Here are a few more authors with some wild and exciting lives:
Jack Kerouac: Jack Kerouac is known for his involvement in the Beat Generation and his travels across the United States, which he documented in his novel "On the Road."
Sylvia Plath: Sylvia Plath was known for her turbulent personal life and struggles with mental illness, which informed much of her writing.
Arthur Rimbaud: Arthur Rimbaud was a French poet known for his unconventional lifestyle, which included running away from home, traveling extensively, and engaging in drug use and hedonistic behavior.
Jean Genet: Jean Genet was a French novelist and playwright known for his life of crime, including a stint in prison, which influenced his writing about the marginalization of society's outcasts.
Ken Kesey: Ken Kesey - an American novelist and countercultural figure who is best known for his novel "One Flew Over the Cuckoo's Nest." He was also a key figure in the psychedelic movement of the 1960s, and his experiences with LSD inspired his later works.
Charles Bukowski: Charles Bukowski was an American poet and novelist who wrote about the gritty, raw aspects of life. He lived a hard-drinking, hard-living lifestyle and often wrote about his experiences in his work.

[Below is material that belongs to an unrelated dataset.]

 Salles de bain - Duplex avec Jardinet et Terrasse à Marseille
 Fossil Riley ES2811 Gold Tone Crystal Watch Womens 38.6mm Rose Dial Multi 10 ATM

William S. Burroughs: William S. Burroughs, was an American writer and artist who was also a key figure in the Beat Generation. He is best known for his experimental novel "Naked Lunch."
The debate about whether writers need to live an exciting life or not is irrelevant. Emotions are at the core of great fiction, and all humans have emotions. Even solitary lives can be used to create great stories.
As writers, what matters is being able to observe and use the emotions that are already within us. George Winterborns term “empathetic relatability” seems to sum it up.
Sooo, what do you guys and girls think? Does experience matter most on our quest to be great writers? Comments would be great. Peace!
Cool idea to write about and loads of great examples! Personally I agree with Hemingway - you need to live, but the I think “living” that looks boring from the outside can also be extraordinary depending how you see it and experience it. Some of my best sources of inspiration come from looking at or being involved in mundane things instead of my travels or the like. I need to come back to some of the authors you mention here in more detail. So well researched and fun, too. Thank you!
Interesting how so many amazing creators took opposite sides on this debate. Like everything in life, I think it requires a balance. Living a wild life definitely gives you more to write about, but if you're too busy living crazily you'll never sit down and create.